> [How to complete this task]: All pictures are to be excluded when the data below is output verbatim.

> [Data provided]:
----------

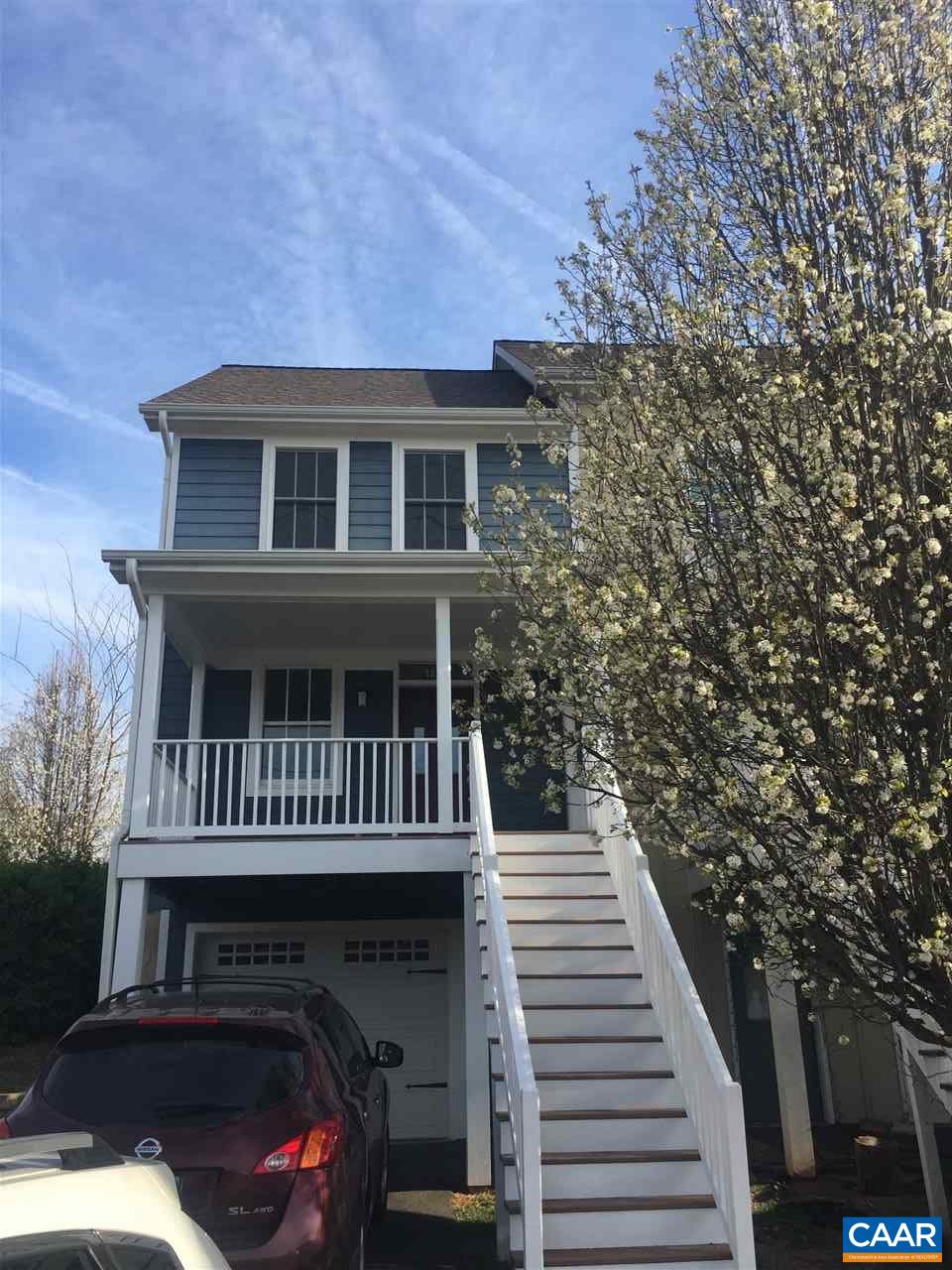 1201 JOHN ST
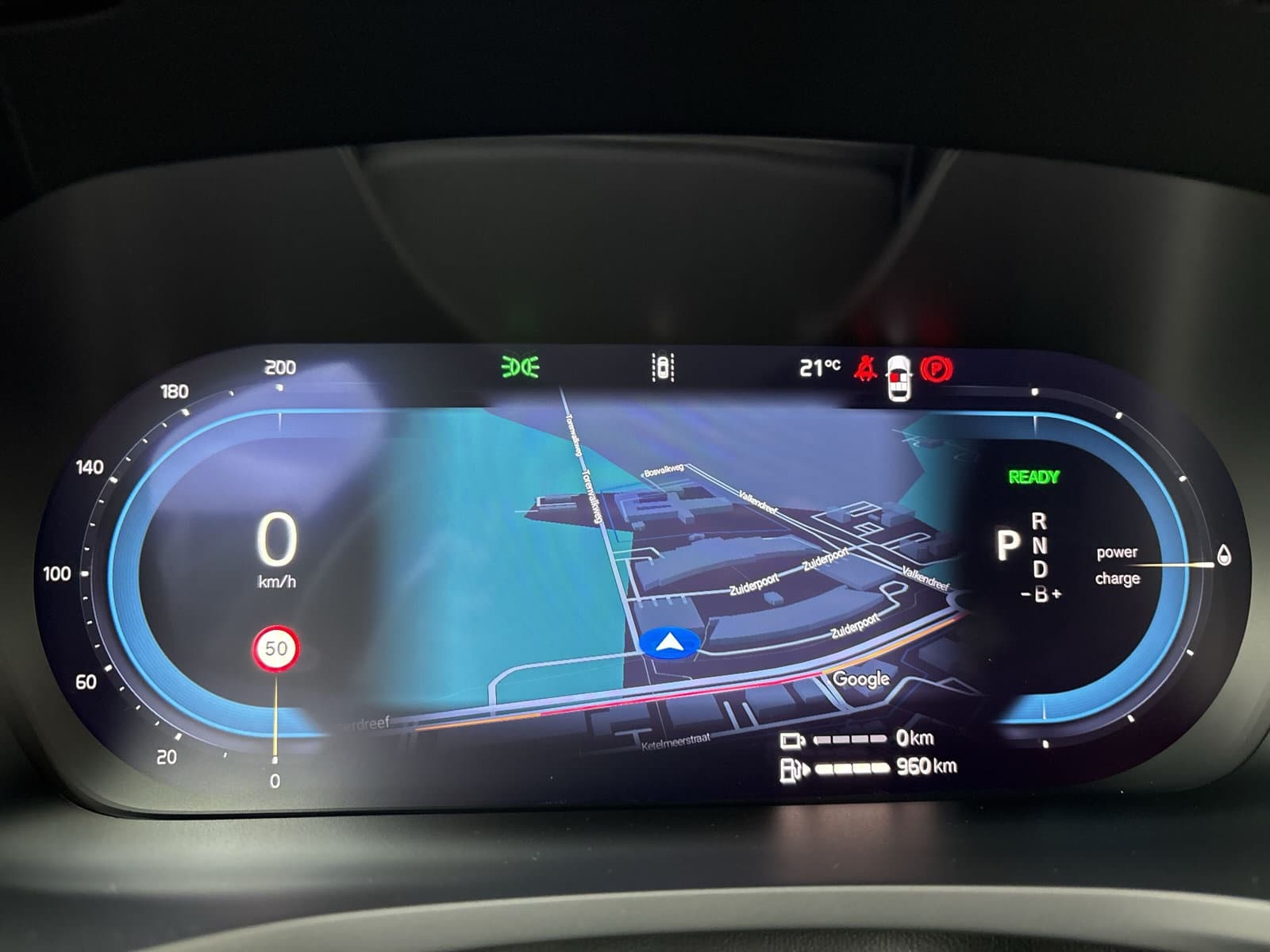 Volvo V60 T6 Plug-in hybrid AWD Plus Dark / Rondomzichtcamera / Elektr. inklapbare trekhaak / Harman/Kardon / thumbnail 19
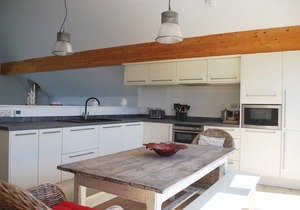 Beautiful holiday home with hot tub, just a walk away from Talland beach.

----------

> [Solution below]:
 1201 JOHN ST
 Volvo V60 T6 Plug-in hybrid AWD Plus Dark / Rondomzichtcamera / Elektr. inklapbare trekhaak / Harman/Kardon / thumbnail 19
 Beautiful holiday home with hot tub, just a walk away from Talland beach.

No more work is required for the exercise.